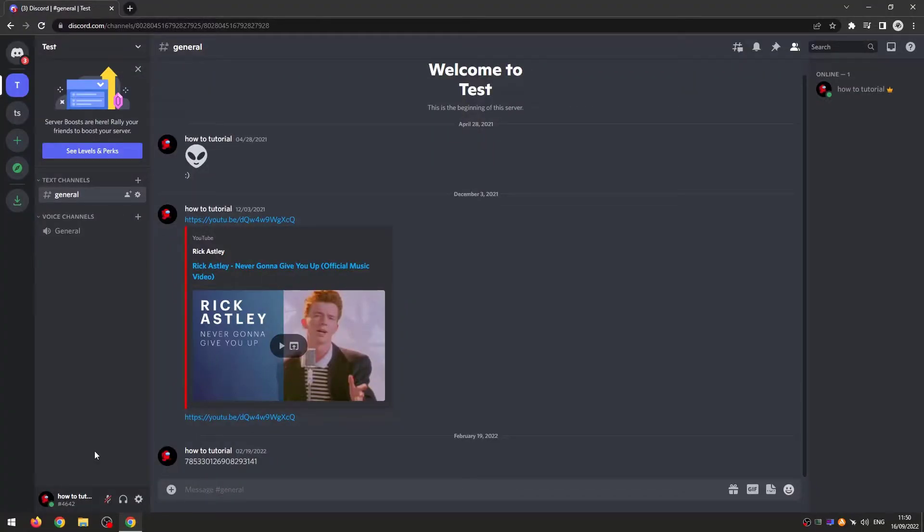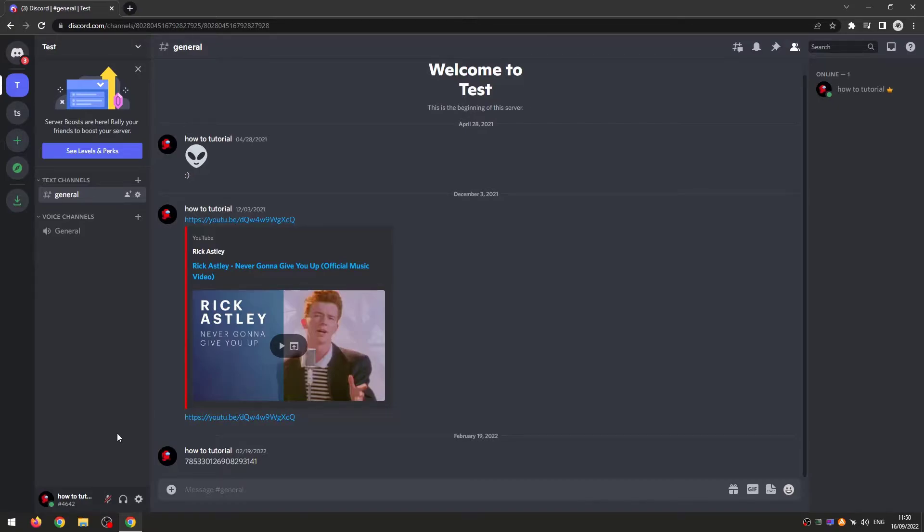In this video I'm going to be showing you how you can hide what game you're playing on Discord. So if you don't necessarily want to let people know what game you're playing or that you're playing games at all, you can remove that activity status.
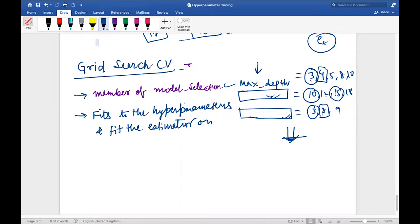Grid Search CV is a member of the model selection package from sklearn. It fits the hyperparameters on the estimator on your training set, finding the best settings for your model.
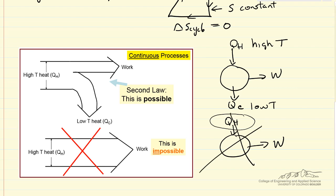The second law allows us to predict which processes are possible. It doesn't tell us how to do them, but it does allow us to predict if a process is possible. Any process would have to satisfy both the first law and the second law.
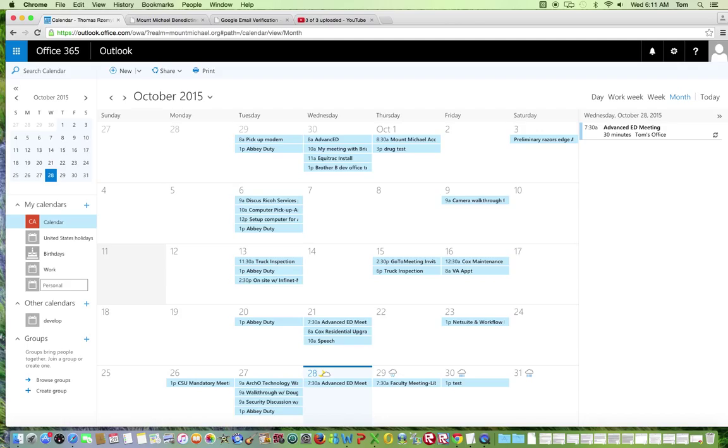After typing in the word personal, hit enter on your keyboard. You have just created a new calendar within Microsoft Office 365.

What the task asks
Print the listing verbatim, images excluded.

Response for this exercise
In this video I'm going to be showing you how you can hide what game you're playing on Discord. So if you don't necessarily want to let people know what game you're playing or that you're playing games at all, you can remove that activity status.
Grid Search CV is a member of the model selection package from sklearn. It fits the hyperparameters on the estimator on your training set, finding the best settings for your model.
The second law allows us to predict which processes are possible. It doesn't tell us how to do them, but it does allow us to predict if a process is possible. Any process would have to satisfy both the first law and the second law.
After typing in the word personal, hit enter on your keyboard. You have just created a new calendar within Microsoft Office 365.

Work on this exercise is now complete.